Minoush today, almost 16 weeks.. . Showing me how nice he looks without a collar. Still cutting out knots, he doesn't stay still very long.


----------



## colliemerles (Nov 2, 2007)

*wow beautiful, very very pretty.*


----------



## MaineCoonMommy (Feb 12, 2011)

Thank you!


----------



## raggs (Aug 3, 2008)

just stunning, and great pics...


----------



## Dally Banjo (Oct 22, 2009)

:001_tt1: :001_tt1: :001_tt1: :001_tt1: :001_tt1: :001_tt1: I'l swop you Louie just found a huge tat in his pants   :lol:


----------



## tylow (Feb 11, 2009)

Absolutely gorgeous with his movie star good looks:001_wub:


----------



## lymorelynn (Oct 4, 2008)

Gorgeous, handsome boy :001_wub: I love the middle picture


----------



## MaineCoonMommy (Feb 12, 2011)

Thanks everyone!
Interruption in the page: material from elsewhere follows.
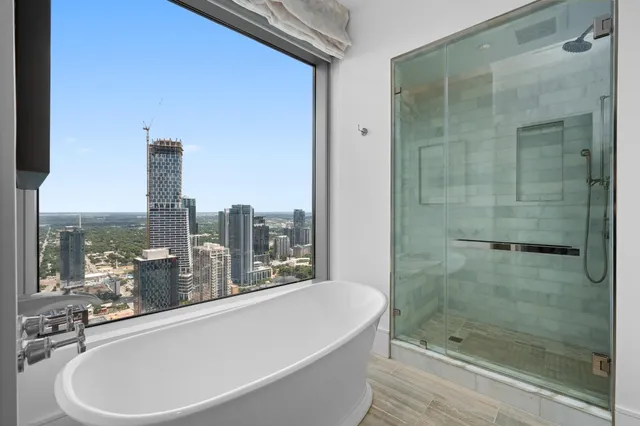 a bathroom with a bathtub and shower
LOL DB, I bet Louie keeps you busy, he's got all that gorgeous long coat :001_wub:. So funny I didn't get it in the photo, but he'd been batting around an open marker and the white fur around his front paws is all bright red/orange.:lol:


----------



## Gem16 (Aug 5, 2010)

He is so so so beautiful i want to eat him


----------



## MaineCoonMommy (Feb 12, 2011)

Thank you all very much for your lovely comments! Minoush would say thanks but he's totally oblivious, hehehe!


----------



## buffie (May 31, 2010)

He is a very handsome boy,which will no doubt have been noticed by all his "subjects"


----------



## katie200 (May 11, 2009)

Awwwwwwwwwwwwww sooooooo beautiful


----------



## harrys_mum (Aug 18, 2010)

he is an absolute beauty,
wish he was mine,
michelle x


----------



## MaineCoonMommy (Feb 12, 2011)

Thanks everyone. It's a strange feeling showing your pet photographs proudly-it's a new thing for me,:001_wub::lol:


----------